I am a simple guy: I like linear regression best. I actually took an entire graduate PhD Stats course on linear regression, and for 10 weeks all I did was linear regression. We covered univariate regression, multiple regression, constructing features from predictors, geometry and algebra of least squares: subspaces, projections, normal equations, orthogonality, rank deficiency, Gauss-Markov. Gram-Schmidt, the QR decomposition and the SVD. But even 10 weeks didn’t do the topic justice. With linear regression, you can interpret coefficients, collinearity, dependence and heteroscedasticity, fits and the hats matrix, and so much more.
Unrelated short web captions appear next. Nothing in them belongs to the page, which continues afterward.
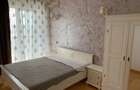 Apartament cu 3 camere decomandat în Tineretului - 5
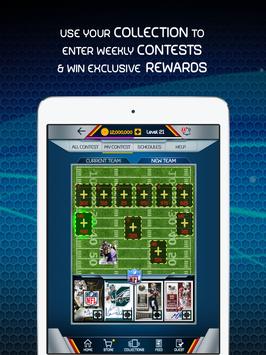 NFL Blitz 截图 11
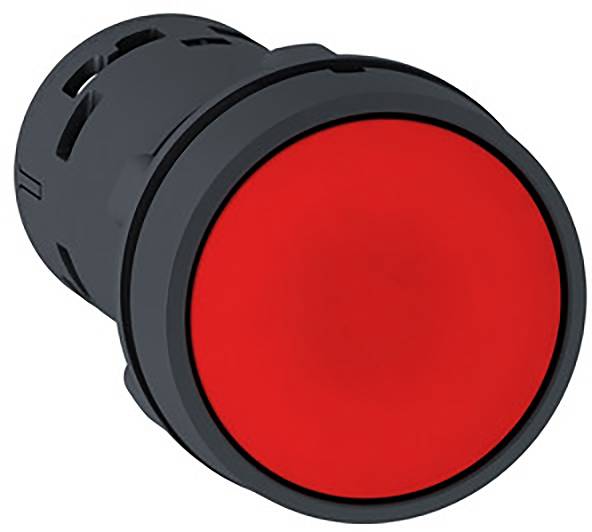 Schneider Electric XB7NA42 Verdeelkastaccessoire 10 stuk(s)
Many people underestimate the power of linear regression. It is so powerful!

 

 

What tech stack do you use to do your ML work?
  • iterm2: This has many additional new features like mouse support. It’s also very customizable.
  • Sublime: I like their colors and auto-complete. It saves me time. It also allows you to use a mouse unlike some other editors.
  • Python: This is my default language. I find it intuitive and really like scikit learn and pytorch. I used to work with TensorFlow but converted to PyTorch. Most of my friends use PyTorch, especially in the AI lab, so at one point I just felt left out!
  • Multiple coding languages: Students use all kinds of software for their final projects and sometimes I have to delve into the details when debugging their code. I often have to change from Tensorflow to Pytorch to Matlab to R. Students come from all kinds of backgrounds and I want them to use whatever they are comfortable with.

 

What AI application are you most excited about?

I’m excited about Natural Language Processing applied to education. I am pretty sure by the time the next generation shows up, we will have robust systems that can grade short answer questions accurately, and that would save teachers millions of hours. These NLP systems will not only be able to grade answers, but they will also be able to ask questions.

 

What’s the best thing deep learning can do for society?

Deep learning will help the healthcare sector a lot. Diagnosing medical images is an example of this application. Once we beat human-level performance, which we have already done in certain applications, doctors won’t need to diagnose the images, because the AI can be embedded in the medical machines. This will free up a lot of valuable time for doctors to work on other things like deciding what to do with the diagnosis.

 

 

What advice do you have for people trying to break into AI?

If you want to build scalable and efficient AI systems, take a few computer science courses before doing AI. I also recommend taking the Machine Learning and the Deep Learning Specialization on Coursera. After completing them, you can volunteer and become a mentor on the forums. By teaching other people, you automatically become an expert on the content.